Dans les deux cas, Diamond-Lenow a manqué de prudence : elle aurait dû se douter que le public (et l’administration universitaire) donnerait à « relation queer avec un chien » un sens très concret, lui. Mais à force de tricher avec la définition des mots, de professer que la réalité objective doit céder devant l’idéologie, on finit par ne plus y attacher d’importance, je suppose.
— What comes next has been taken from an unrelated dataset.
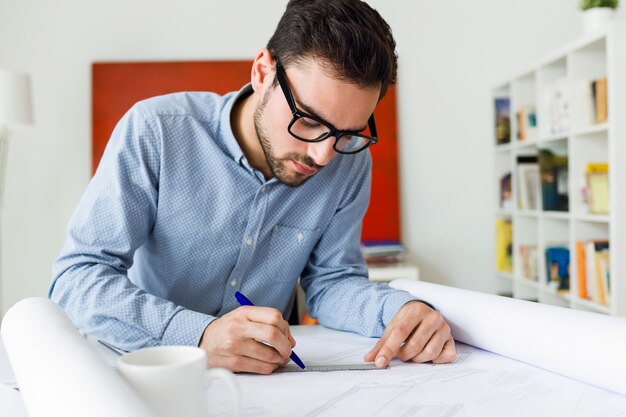 Handsome junge Geschäftsmann arbeitet im Büro.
Notre militante s’est retrouvée prise à ses propres tours.

 

Mikhaïl Kostylev est le faux-nez post-soviétique et bavard de Guillaume Pronesti.

Auteur

Notes de Bas de page

  1. Remarquons que comme souvent, une fois les wokes entre eux, la théorie du genre « existe » bien.

  2. Haraway, D. (1988). « Situated Knowledges : The Science Question in Feminism and the Privilege of Partial Perspective » in Feminist Studies, 14(3), 575. https://doi.org/10.2307/3178066

  3. Haraway, D. (1987). «A manifesto for Cyborgs : Science, technology, and socialist feminism in the 1980s. » in Australian Feminist Studies, 2(4), 1 42. https://doi.org/10.1080/08164649.1987.9961538

  4. « Butch » est le role model de la lesbienne « masculine » jusqu’à la brutalité.